A common propane/air flame burns at around 2,250 K (1,980 °C; 3,590 °F), a propane/oxygen flame burns at around 2,526 K (2,253 °C; 4,087 °F), an oxyhydrogen flame burns at 3,073 K (2,800 °C; 5,072 °F) and an acetylene/oxygen flame burns at approximately 3,773 K (3,500 °C; 6,332 °F) allowing for tailored thermal cutting processes to accomplish productive results in varied industrial settings and many specialized applications.

The cutting torch must pre-heat the steel to the ignition temperature at the point of cutting. Once the preheated steel reaches a temperature of about 960°C (this varies depending on the type of alloy) the steel has lost its protective properties against oxygen, and the base metal is still solid.

The pure oxygen can then be directed through the nozzle at the heated area. The fine and high-pressure stream of oxygen will change the pre-heated and unprotected steel into oxidized liquid steel, through an exothermic reaction.

Since the oxidized liquid steel slag has a much lower melting point than steel, the oxygen stream will simply blow liquid oxidized steel slag out of the cavity without any effect on the solid, non-oxidized steel.

This exothermic reaction is continuous and cuts the steel as the torch is slid across the cutting area.
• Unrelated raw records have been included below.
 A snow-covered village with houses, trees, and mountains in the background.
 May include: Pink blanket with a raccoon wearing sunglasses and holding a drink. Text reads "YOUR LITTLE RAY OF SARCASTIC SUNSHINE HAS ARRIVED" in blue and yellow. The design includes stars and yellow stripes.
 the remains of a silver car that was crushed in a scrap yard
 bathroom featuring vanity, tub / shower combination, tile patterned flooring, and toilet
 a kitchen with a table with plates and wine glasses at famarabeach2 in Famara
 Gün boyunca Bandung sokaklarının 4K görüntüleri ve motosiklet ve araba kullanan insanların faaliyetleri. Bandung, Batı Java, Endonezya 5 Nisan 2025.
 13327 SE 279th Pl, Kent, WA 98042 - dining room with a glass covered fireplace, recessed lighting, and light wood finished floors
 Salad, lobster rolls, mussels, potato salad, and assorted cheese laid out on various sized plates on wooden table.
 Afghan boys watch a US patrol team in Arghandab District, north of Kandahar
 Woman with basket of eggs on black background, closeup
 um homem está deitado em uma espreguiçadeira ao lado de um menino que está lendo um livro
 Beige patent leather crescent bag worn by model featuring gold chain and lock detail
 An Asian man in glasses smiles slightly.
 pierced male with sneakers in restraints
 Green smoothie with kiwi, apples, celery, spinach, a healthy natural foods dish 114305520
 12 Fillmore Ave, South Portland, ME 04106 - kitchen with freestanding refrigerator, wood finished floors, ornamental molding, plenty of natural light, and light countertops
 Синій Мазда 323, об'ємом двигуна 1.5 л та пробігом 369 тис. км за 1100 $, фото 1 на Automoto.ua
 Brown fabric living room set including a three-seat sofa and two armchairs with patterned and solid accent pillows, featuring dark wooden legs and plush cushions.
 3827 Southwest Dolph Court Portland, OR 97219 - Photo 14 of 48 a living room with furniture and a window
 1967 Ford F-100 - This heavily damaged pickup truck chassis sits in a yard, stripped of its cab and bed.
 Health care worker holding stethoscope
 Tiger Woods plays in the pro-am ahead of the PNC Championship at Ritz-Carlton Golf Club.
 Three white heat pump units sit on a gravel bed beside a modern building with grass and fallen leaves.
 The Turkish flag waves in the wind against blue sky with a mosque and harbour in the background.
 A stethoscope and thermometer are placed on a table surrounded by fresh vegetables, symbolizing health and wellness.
To keep the exothermic reaction going, the cutting torch will reheat the steel during the cutting cycle.

This method of cutting can only occur with a metal whose oxides will have a lower melting temperature than the base metal itself. If this does not occur, as soon as the metal oxidizes and turns into an oxide, this terminated the oxidation as a protective crust will develop.

Only mild steel and some low alloys will have the properties outlined above, thus can be cut efficiently using the oxy-fuel process.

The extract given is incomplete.